(Beginning of PROVIDED MATERIAL)
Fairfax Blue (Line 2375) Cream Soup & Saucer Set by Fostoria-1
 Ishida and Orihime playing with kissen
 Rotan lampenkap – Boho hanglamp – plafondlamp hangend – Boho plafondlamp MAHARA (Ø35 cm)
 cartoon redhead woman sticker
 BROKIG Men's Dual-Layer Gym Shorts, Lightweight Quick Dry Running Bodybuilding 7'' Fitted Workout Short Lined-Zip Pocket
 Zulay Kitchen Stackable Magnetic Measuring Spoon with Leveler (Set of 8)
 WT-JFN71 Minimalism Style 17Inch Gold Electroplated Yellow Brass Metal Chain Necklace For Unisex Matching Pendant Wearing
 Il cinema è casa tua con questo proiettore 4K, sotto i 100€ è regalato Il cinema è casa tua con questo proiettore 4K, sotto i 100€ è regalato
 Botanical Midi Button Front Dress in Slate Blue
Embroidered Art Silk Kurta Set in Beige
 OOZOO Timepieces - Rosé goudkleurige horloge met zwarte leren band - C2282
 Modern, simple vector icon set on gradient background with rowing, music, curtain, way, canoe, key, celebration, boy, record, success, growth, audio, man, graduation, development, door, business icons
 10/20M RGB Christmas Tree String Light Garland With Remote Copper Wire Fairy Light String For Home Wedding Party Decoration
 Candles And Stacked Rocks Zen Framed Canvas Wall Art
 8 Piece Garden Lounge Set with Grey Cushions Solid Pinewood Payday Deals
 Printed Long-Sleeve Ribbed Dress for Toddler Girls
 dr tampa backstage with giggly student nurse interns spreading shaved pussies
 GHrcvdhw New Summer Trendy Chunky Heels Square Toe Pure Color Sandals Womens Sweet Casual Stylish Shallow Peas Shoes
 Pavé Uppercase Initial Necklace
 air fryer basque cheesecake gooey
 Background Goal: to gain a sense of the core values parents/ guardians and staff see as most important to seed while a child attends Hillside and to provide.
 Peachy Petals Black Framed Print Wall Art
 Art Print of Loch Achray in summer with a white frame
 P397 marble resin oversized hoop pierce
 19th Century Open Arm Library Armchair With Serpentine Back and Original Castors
(End of PROVIDED MATERIAL)
Tally up the lines in the records that contain the word "Framed" and give only the total.

— RESULT FOR THIS EXERCISE —
2